There is an interesting torts case out of Dallas where Judge Carl Ginsberg in the 193rd State District Court, ruled against Presley “Rhonda” Gridley, a self-described psychic who created a national frenzy by telling authorities that a Liberty County couple, Joe Bankston and Gena Charlton, had a mass grave on their property. She has been ordered to pay the couple $6.8 million.
As a psychic, Gridley, 50, did not appear to see this one coming. She did not appear for the bench trial where she was found to have committed defamation for giving false information to the police on June 6, 2011. The damages include $3 million in damages to Bankson and $3,849,000 to Charlton, plus five percent interest.
Gridley goes by the name “Angel” and called the Liberty County Sheriff’s Office and falsely claimed that 25 to 30 dismembered bodies were buried in a mass grave at the plaintiffs’ residence.

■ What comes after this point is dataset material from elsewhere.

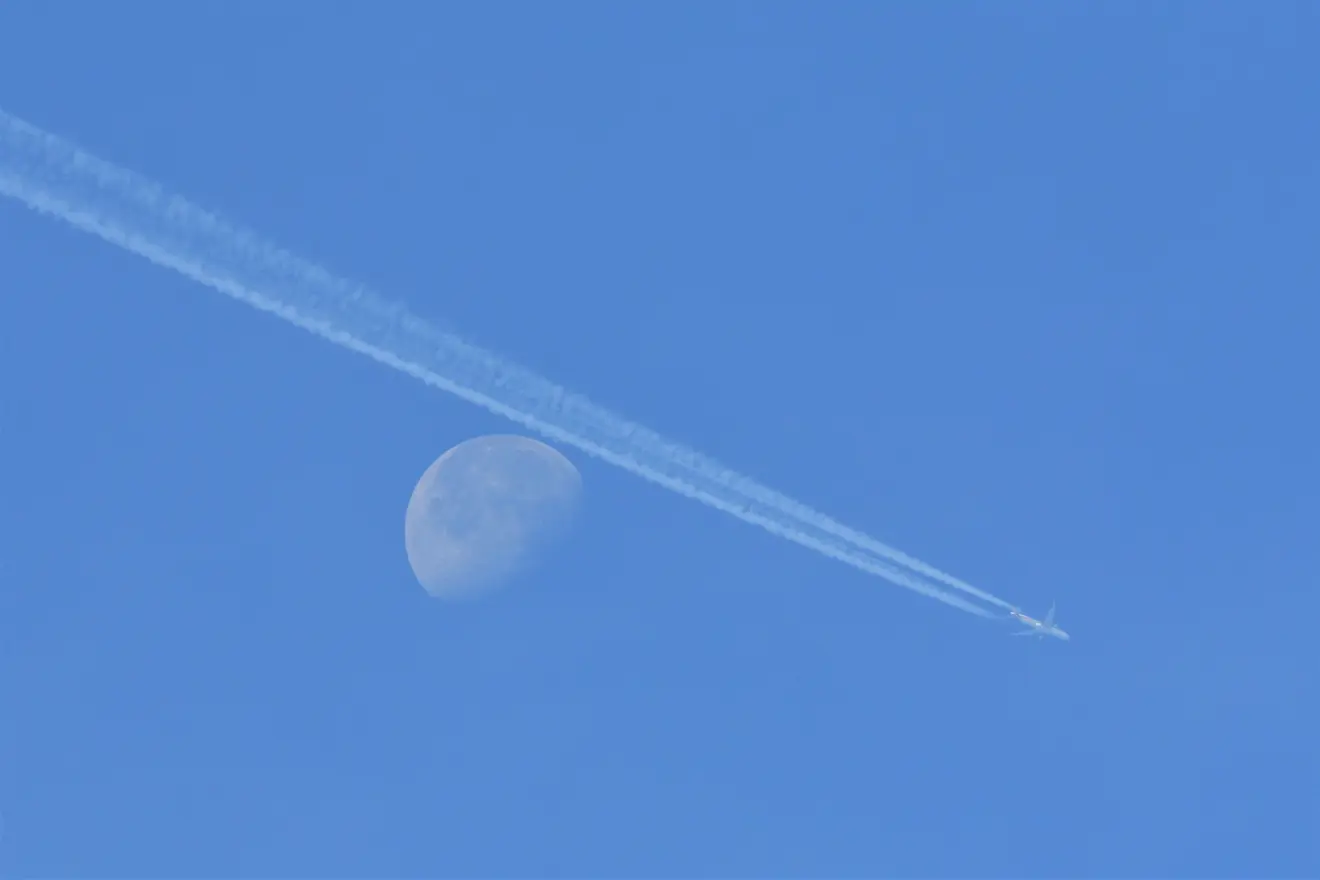 Onbewolkte start van de dag, al tekent een vliegtuig wel een contrail in de lucht - Cynthia van Leusden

The case is interesting because statements to police are usually protected, though they can be prosecuted as false statements to the police. The police then repeated the false statements to various news outlets and created the firestorm. It is perfectly bizarre. The police hear from a psychic named Angel and run to the media to trigger a frenzy. What followed was an army of helicopters, cars, cadaver dogs, and police officers searching the property on the basis of this one “vision.”

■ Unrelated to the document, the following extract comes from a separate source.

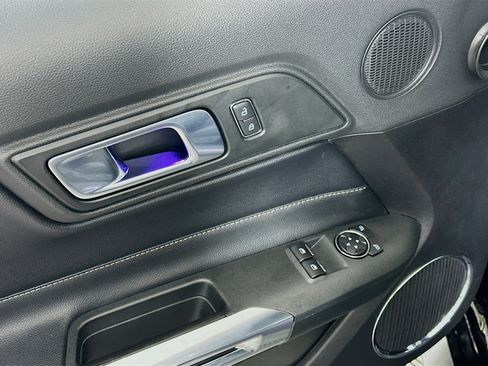Used 2022 Ford Mustang Premium image 15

It turns out that Gridley also called a police station two hundred miles away telling a dispatcher that she is a “reverend and a psychic” and that they would find the bones of dozens of missing children in the walls and “stuff written all over the walls in blood.”

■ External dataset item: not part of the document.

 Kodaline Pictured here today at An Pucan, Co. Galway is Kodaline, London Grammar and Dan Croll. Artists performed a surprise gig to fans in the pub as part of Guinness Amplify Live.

Yet the original charge against the County were dismissed, leaving only Gridley. There is no record of any disciplinary action against the police for starting the media circus or taking such action on the word of someone who is obviously psychotic rather than psychic.
Gridley has said that this was just one of the many visions that she has had her whole life. She confirmed her visions, she said, with two friends who also had visions of children being in danger.
Something tells me that “Angel” is not only certifiably insane but judgment proof. Call it a vision.